Logo, ao adquirir uma identidade profissional, o docente forma uma múltipla rede de histórias, aprendizagens, procedimentos e hábitos (MARCELO, 2009), ou seja, o professor no processo de construção de sua identidade, ao lograr maiores saberes de seu trabalho pedagógico, acumula um cabedal de conhecimentos e experiências que lhe darão estabilidade
e segurança de quem de fato ele é: um profissional definido.
A identidade pode ser construída de modo pessoal ou coletivo: A construção pessoal ocorre pela história de vida de cada pessoa, suas experiências que levam a um sentimento de unidade, originalidade e também continuidade. Já o segundo modo, o coletivo, é uma construção social, que acontece no interior dos grupos e das categorias que estruturam a própria sociedade e que dão à pessoa um papel e um status social. Dessa forma, a identidade profissional é configurada como uma identidade coletiva dentro do seu espaço, assim, dependendo do contexto social, a identidade do professor pode assumir um significado diferenciado. Então, buscar essa identidade no contexto da atualidade provoca para o docente grandes desafios para adquirir saberes contextualizados e aplicáveis a sua prática pedagógica (BRZEZINSKI, 2002).
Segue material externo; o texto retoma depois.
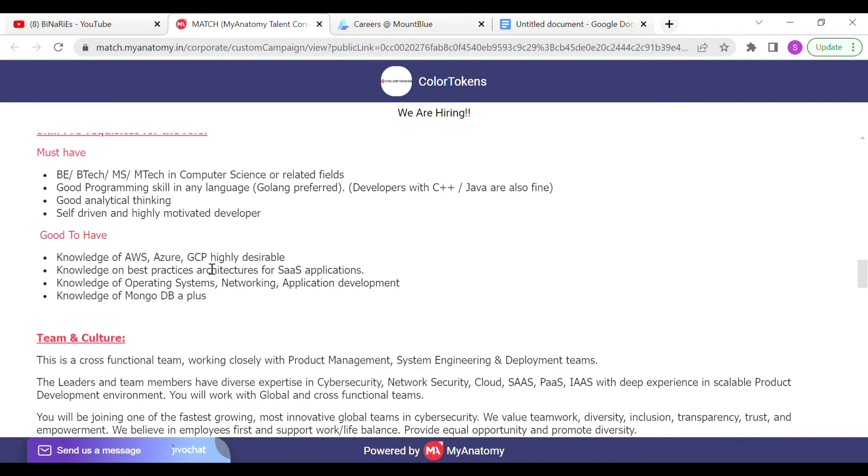Good to have knowledge of AWS, Azure or Google Cloud Platform. Knowledge of best practices architecture for SaaS applications. Knowledge of operating systems, networking, application development, and knowledge of MongoDB.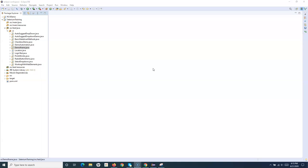This will be required a lot of the time whenever you are doing actual application automation in your organizations, because applications nowadays have the capability wherein when you click on something it might open in a new window. You then have to perform certain operations on the new window and come back to the parent window. Frame handling, alerts, and switching between windows are all very common in automation. If you haven't watched my previous tutorials on alerts and frames, please watch those first.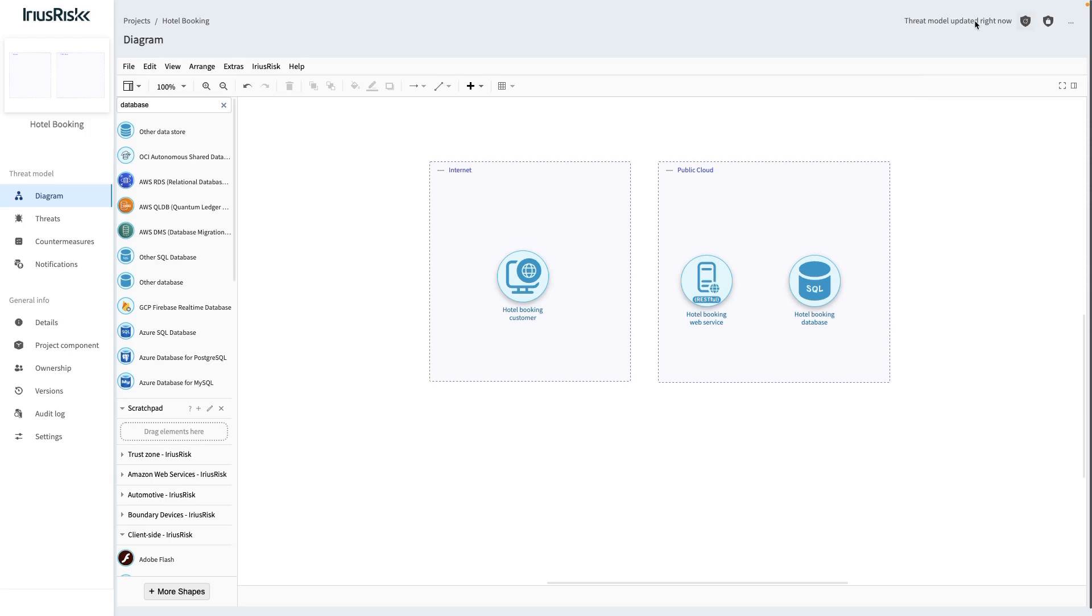If all these checks pass successfully, the Threat Model will be updated. This update imports the necessary risk patterns and countermeasures that are associated with the newly added components into our Threat Model. Any changes to existing components or data flows will also be taken into account.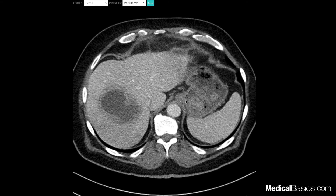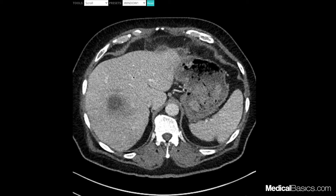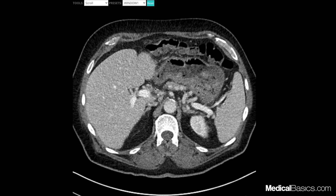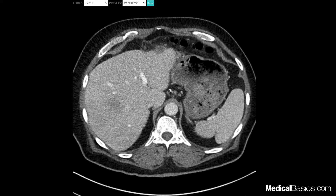Here we have a CT of the abdomen. This is a case from casestacks.com — I'll leave a link in the description if you want more practice with their cases. This is a case where you obviously have a large hepatic abscess, but that's not the important part. What I want to show you is all the different lymph node stations. In general, you're probably not going to see very many lymph nodes in a normal situation. In this one, we see a few small ones that are probably just reactive.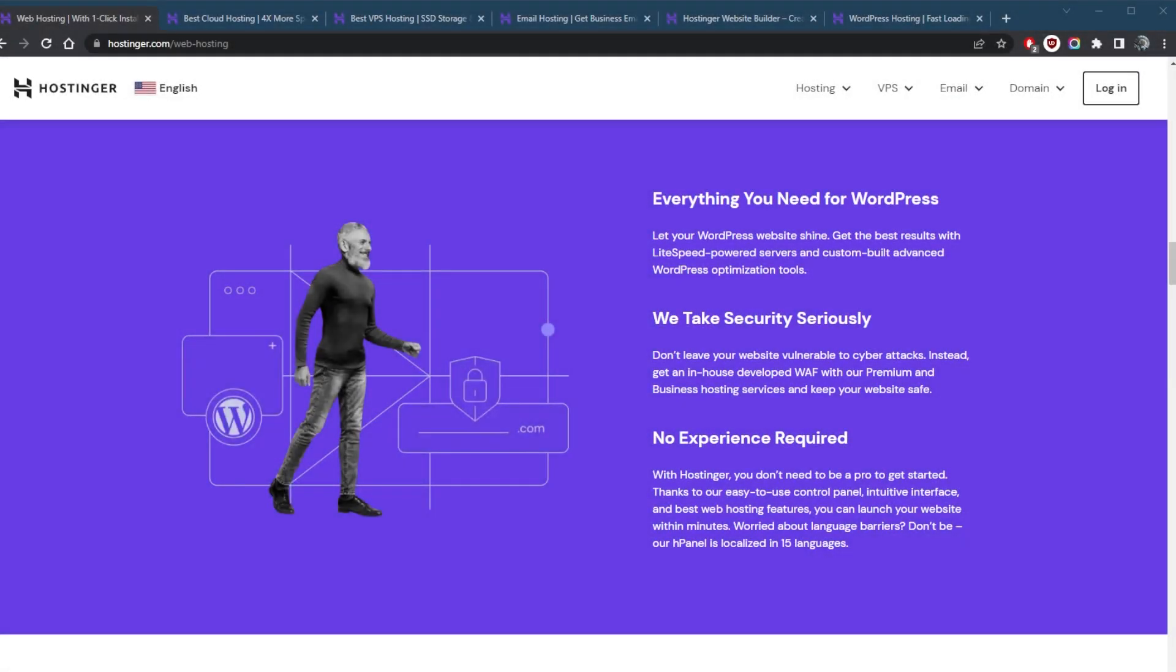How's it going everybody, welcome back. Today we're going to be talking about shared hosting, what it is, and how it can be useful for you. As far as a web hosting provider, I do like to use Hostinger because it offers a lot of features for a very reasonable price.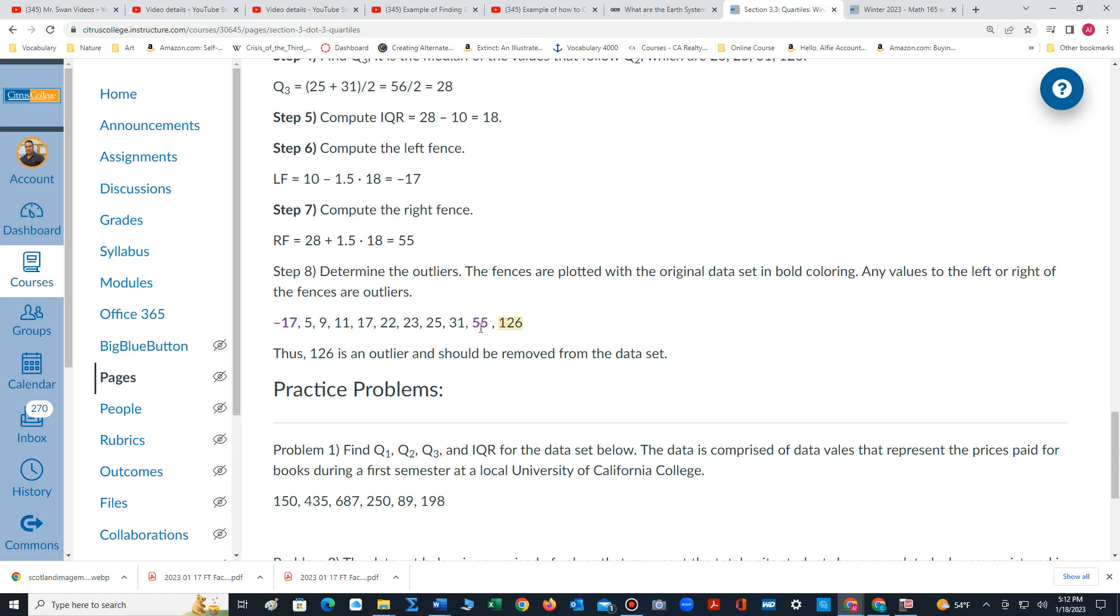We insert 55. 55 falls between 31 and 126. Since 126 is to the right of 55, the right fence, it is an outlier. So 126 is the outlier and would be removed from our data set. Thanks for watching the video.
Quanto à identidade do docente, Pereira e Martins (2002, p. 118), afirmam que a
“identidade na educação deve ser concebida como prática social caracterizada como ação de influências e grupos destinada a configuração da existência humana”, isto é, não é possível construir uma identidade docente sem que esta esteja diretamente ligada a uma prática social proveniente da construção de influências direta ou indireta de grupos com os quais o professor tem contato ou faz parte ativamente, trazendo, assim, as marcas expressivas no seu modo de ser e de fazer. Caminhando por essa via, é importante que se apresente ainda o percurso desse profissional para o desenvolvimento de suas competências e habilidades numa mobilização de saberes voltados especificamente ao ER.